Journalists making the move into public relations quite often think they know what awaits them on the other side. But it’s not just a case of answering the phone to former colleagues and rattling out press releases.
I joined tigerbond after eight years at the coalface of Scottish journalism with The Scottish Sun. It was a job I loved and shaped my working life.
Working for a national newspaper is like no other job in the world. Speaking to colleagues when I made the switch to running public relations campaigns, you could’ve been forgiven for thinking I was heading off to put my feet-up.
But three years on, I can categorically say that’s not been the case
Since taking those first steps into working for an integrated communications agency, I’ve learned a helluva lot about life on the other side of the fence.
Journalists don’t talk in business terms. All they are interested in is the story, what it is and where it’s coming from. The Who, What, Where, Why, When and How. And that’s it.
Sure, they worry about declining sales, but they worry more about beating their rival to an exclusive.
PR is much more obviously a business and you come across new concepts: group emails, conference calls, shared planners, key performance indicators, reporting, ops to see … the list goes on. Then there’s an approval process that isn’t a news editor shouting at you to “write it a-bloody-gain and get it right this time”.
As a reporter, all you have is your wits, a notepad, your contacts book and a deadline you must hit.
But it is those skills, the ability to ask questions, see a line, write a story (because that’s what a press release is, really), and do it quickly, that make journalists valuable to an integrated communications agency.
Think in terms of stories
Media relations is all about stories, whether it’s during a crisis or getting coverage for some good news.
Journalists are always thinking in terms of stories, but clients rarely think in those terms.
The brands we work with know what they want to promote. Sometimes, how that will make a story isn’t all that obvious at first but, through careful probing, we simplify their complicated concepts for a wider market and spot what sets them apart. We tell their story.
Quite often, we’ll be shooting the breeze in a client meeting and someone will casually mention something quirky or unexpected, which screams “story” – having a journalistic enough mind to catch that line is invaluable.
Getting these kinds of stories relies on building trust, whether that between PR and client or journalist and contact. The reporter in me is never afraid to pick up a phone or meet face to face and talk to somebody. It’s only through personal interaction that you get the best out of people.
Places where stories live
You don’t get the same quality of communication using email that you do in a conversation. People think more about what they type than what they say, so those interesting little side avenues don’t open up – and those are the places where stories live
The appreciation of deadlines bridges both PR and journalism. Working with multiple clients, you have to know who needs what done when and the timescales those clients work on so that their public relations campaigns truly deliver. Equally, you have a respect of journalists’ deadlines, and the consequences missing them can have for a client.

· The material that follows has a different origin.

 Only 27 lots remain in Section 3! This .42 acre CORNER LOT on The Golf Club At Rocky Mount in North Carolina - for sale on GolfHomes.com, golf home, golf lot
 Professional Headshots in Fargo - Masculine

Experience in newspapers helps greatly in other areas. For example, I usually know what journalists are looking for, so that helps us develop successful PR strategies.

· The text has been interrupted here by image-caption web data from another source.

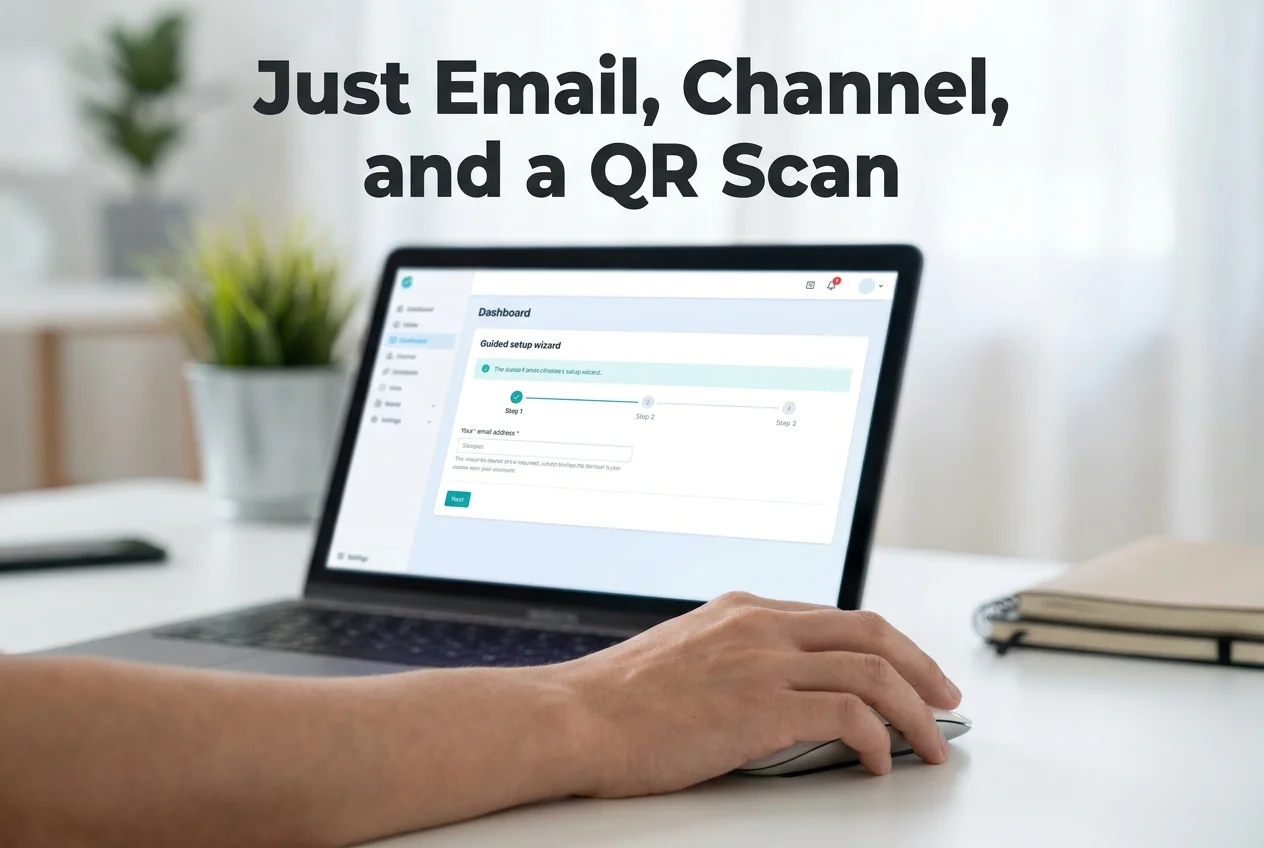 OpenClawHQ managed dashboard wizard, an alternative to installing openclaw locally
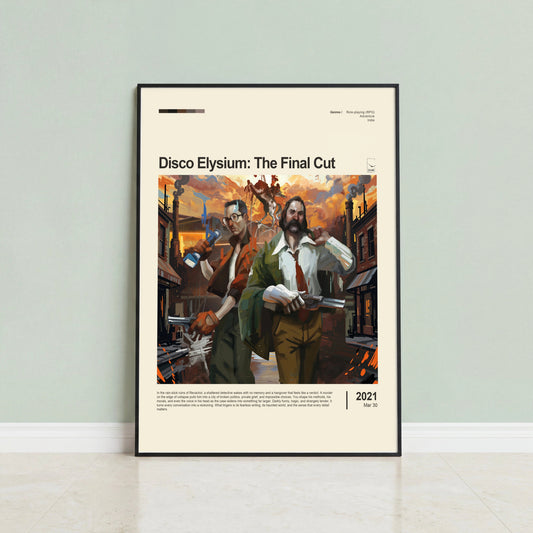 Disco Elysium: The Final Cut Poster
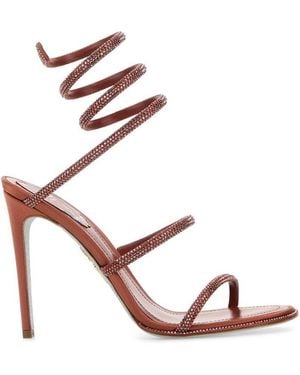 Rene Caovilla Sandals - Pink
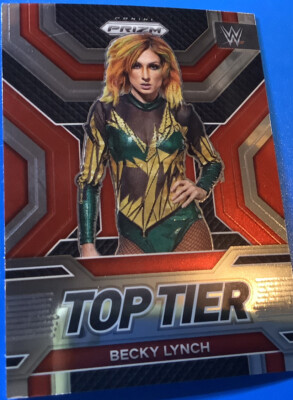 2023 Panini Prizm WWE - Becky Lynch Top Tier Insert #29 RAW | eBay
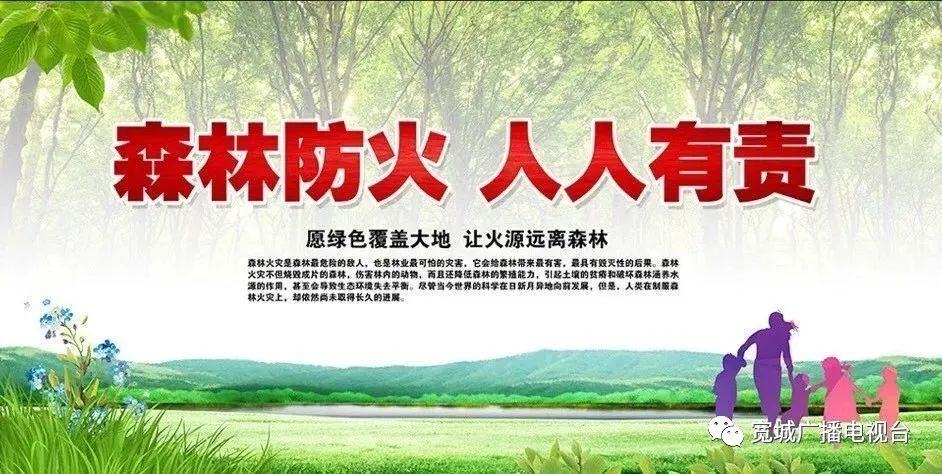 乡镇亮甲台镇多措并举开展森林防火宣传工作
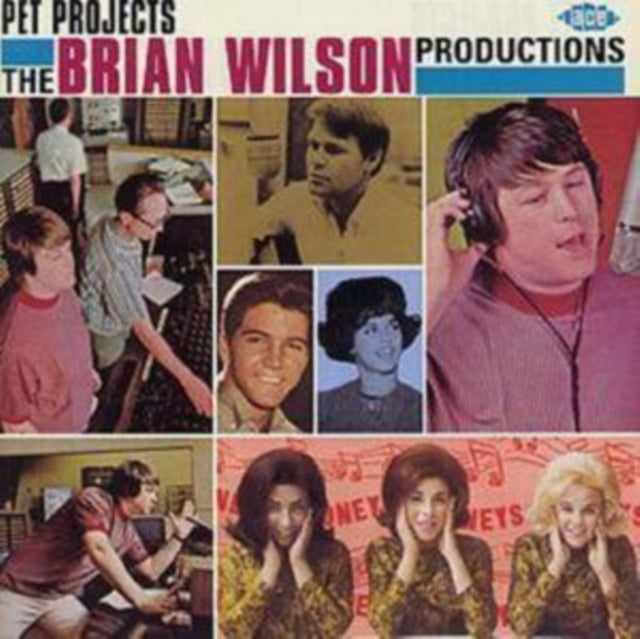 Various Artists - Pet Projects: Brian Wilson Productions / Various (CD)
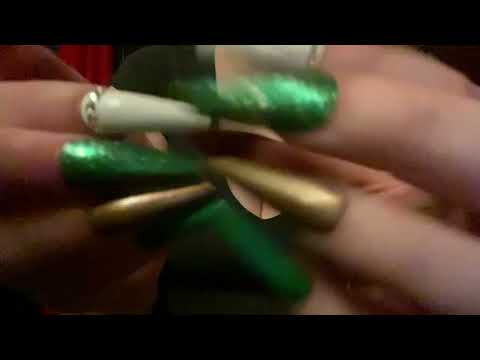 ASMR Nail on Nail Tapping|Long Nails| Lofi No talking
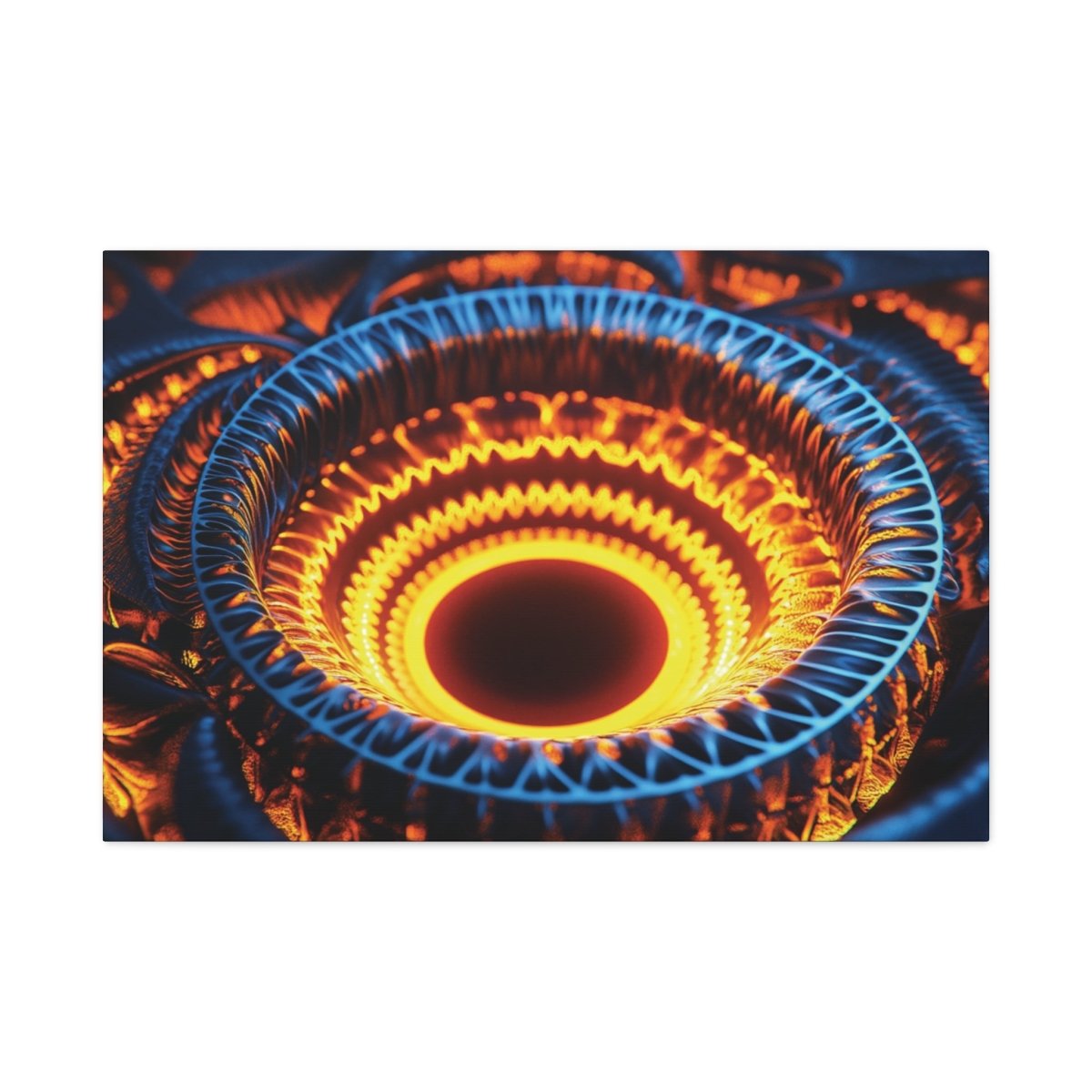 👉Langage Solaire : magnifique cadre💎effet fascinant💎 garanti - Art Cocoon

And I can talk in their terms when I’m selling in a story. Perhaps a client has an “interesting case study”. But to a journalist, that’s a “great human interest story” or a “good wee business story”.
Anticipating coverage
We can also judge what kind of coverage a story will get. We can tell, as a rule, whether a particular section of a particular publication will run a story as a page lead or in a smaller slot.
To be honest, I hadn’t appreciated how diverse the media was until I started at tigerbond – there are so many sector publications that clients need to feature in that make little impression outside their specialist area. It’s the very nature of the specialism that makes them so important.
As good as it is to get a picture lead in a national newspaper, what does that do for the client? In a given public relations campaign, is being seen by hundreds of thousands of vaguely interested people as good for them as getting into a sector magazine or website that is seen by a few hundred people right in their target audience?
No matter the publication, there is an unquenchable thirst for content – partially because the media has grown as its workforce shrank. Incredibly there are now more people working in PR than there are journalists.
Constant demand for content
Staffing levels on newspapers and magazines have been slashed. At the same time, there has been a proliferation of online news outlets, along with niche and trade websites. Each constantly needs fresh news to put on its social media feeds but without the resources in terms of staff and time of days gone by.
That makes a well-written press release that isn’t a blatant advert for a product or service an easy option for them. With minimal editing, they have fresh content and can move on to another story that might take more time to put together. Everyone wins.
So while the skills I brought from journalism serve me and this integrated communications agency's clients very well, the media world is changing fast, with social media and online news opening up PR and marketing opportunities that didn’t exist when I started work on a local newspaper in 2005.
And at the end of it all, PR is still about telling stories, which is what brought me to this game in the first place.